Packages Used: 1. readr :- This package is used to read the data from csv file to RStudio. 2. dplyr :- This package is used for fast data manipulation. It provides functions to summarise, rearrange data, etc. 3. tidyr :- This package is used to tidy the dataset. It can be used to change the layout of the dataset. 4. hmisc :- This is used to handle the na and missing values. 5. forecast :- This package is for data transformation. 6. outliners :- This package is used to detect and handle outliers.

library(readr)
library(dplyr)
## 
## Attaching package: 'dplyr'
## The following objects are masked from 'package:stats':
## 
##     filter, lag
## The following objects are masked from 'package:base':
## 
##     intersect, setdiff, setequal, union
library(tidyr)
#install.packages('forecast')
library(forecast)
## Registered S3 method overwritten by 'quantmod':
##   method            from
##   as.zoo.data.frame zoo
#install.packages('Hmisc')
library(Hmisc)
## Loading required package: lattice
## Loading required package: survival
## Loading required package: Formula
## Loading required package: ggplot2
## 
## Attaching package: 'Hmisc'
## The following objects are masked from 'package:dplyr':
## 
##     src, summarize
## The following objects are masked from 'package:base':
## 
##     format.pval, units
#install.packages('outliers')
library(outliers)

Executive Summary

We have selected two datasets.

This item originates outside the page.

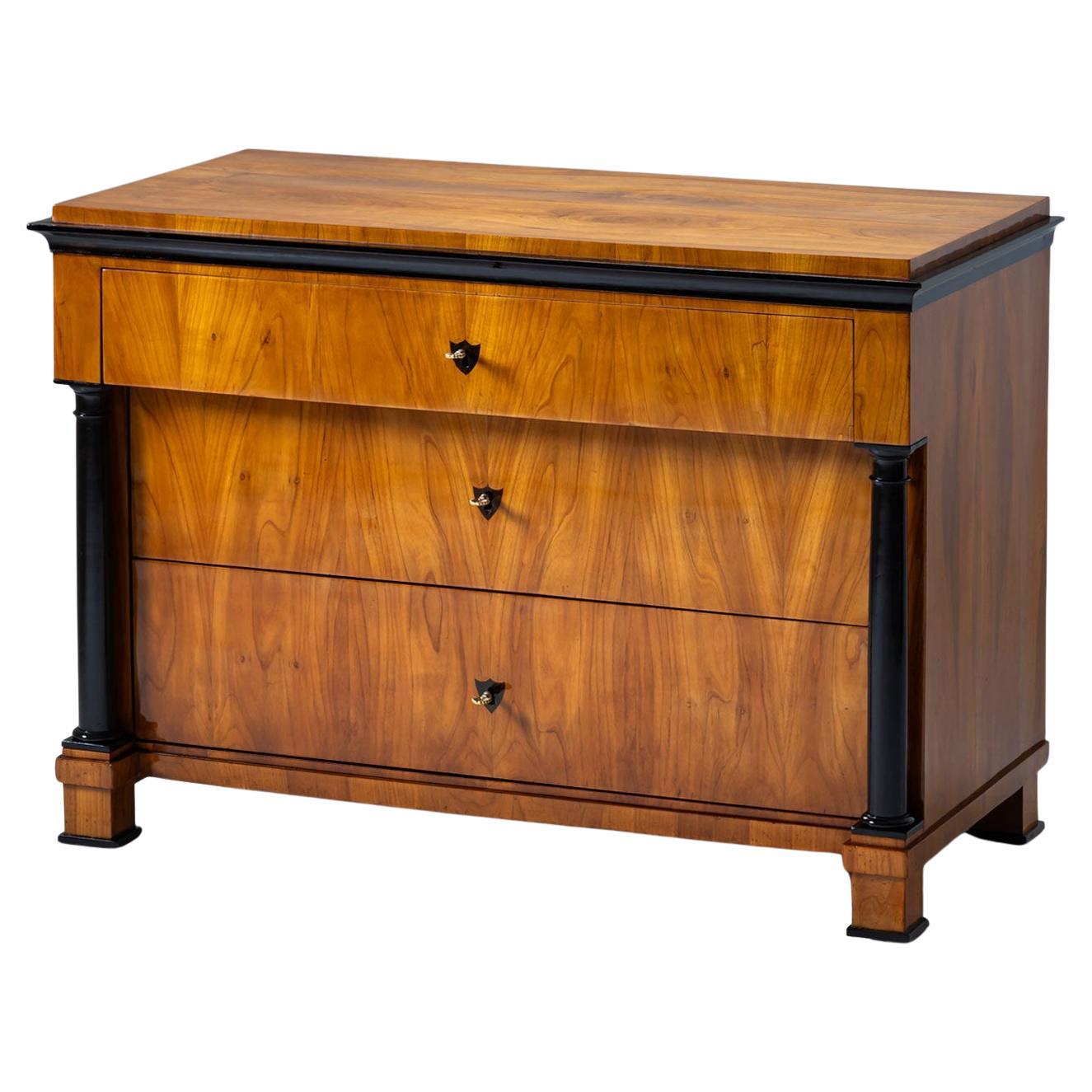 Franconian Biedermeier Chest of Drawers, circa 1820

One of them informs us about the life expectancy. The life expectancy dataset is a tidy dataset. The dataset follows the principles of tidy data. The second dataset is about the percentage of employers in the job markets of various countries. The second dataset is untidy. The data is untidy as the data over the years is populated in different columns. We will merge these two datasets using the join function. We have to perform some steps to tidy the data. The two datasets have a column specifying the country name. We can join the two tables by using “country” column. We keep the name of the country column same. The untidy data was in the wide format. The gather function was used to convert the untidy data to tidy format. Then the datasets were merged. We have selected some columns using the filter function. The NA values were removed. The columns with incorrect datatypes were corrected. The pre-processing tasks were performed and now we can move ahead with the assignment.

Data

We have selected two datasets for this project. One is tidy and the other is untidy. The tidy data set is about life expectancy. The attributes are as follows: - 1. Country - Name of the country 2. Year - Year of occurance. 3. Status - Developed or Developing country. 4. Life expectancy - Life expectancy average age. 6. Adult Mortality - Adult Mortality Rate / 1000 people 7. infant deaths - Number of infant deaths / 1000 people 8. Alcohol - Alcohol consumption (liters) 9. percentage expenditure - Spending on the health sector 10. Hepatitis B - Immunity against Hepatitis B in children under 1 year of age 11. Measles - Measels cases / 1000 people 12. BMI = Average Body Mass Index 13. Polio = Number of polio cases / 1000 people 14. Total expenditure = Total yearly expenditure 15. Diphtheria = Number of diptheria cases / 1000 people 16. HIV/AIDS = Number of HIV/AIDS cases / 1000 people 17. GDP = GDP of the country 18. Population = Population of the country

Only Country and Status had character as their datatype. The rest columns are of datatype double.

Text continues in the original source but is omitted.